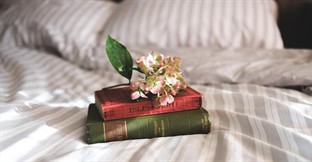 Sector Spotlight: Bed and Breakfast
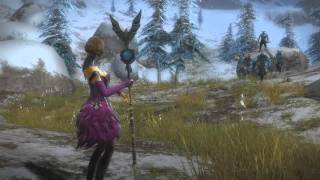 Guild Wars 2  Mesmer Skills [upl. by Hailey295]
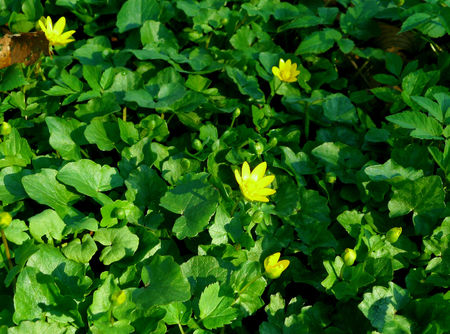 A close-up of yellow spring flowersの写真素材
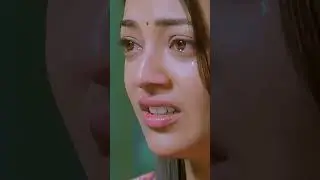 Jr NTR Ke Saamne Prakash Raj Hua Emotional #TheSuperKhiladi #JrNTR #KajalAgarwal #PrakashRaj #Shorts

▸ **WHAT NEEDS TO BE DONE**
In your copy, include no pictures; print every line above exactly.

▸ **OUTPUT BELOW**
 Sector Spotlight: Bed and Breakfast
 Guild Wars 2  Mesmer Skills [upl. by Hailey295]
 A close-up of yellow spring flowersの写真素材
 Jr NTR Ke Saamne Prakash Raj Hua Emotional #TheSuperKhiladi #JrNTR #KajalAgarwal #PrakashRaj #Shorts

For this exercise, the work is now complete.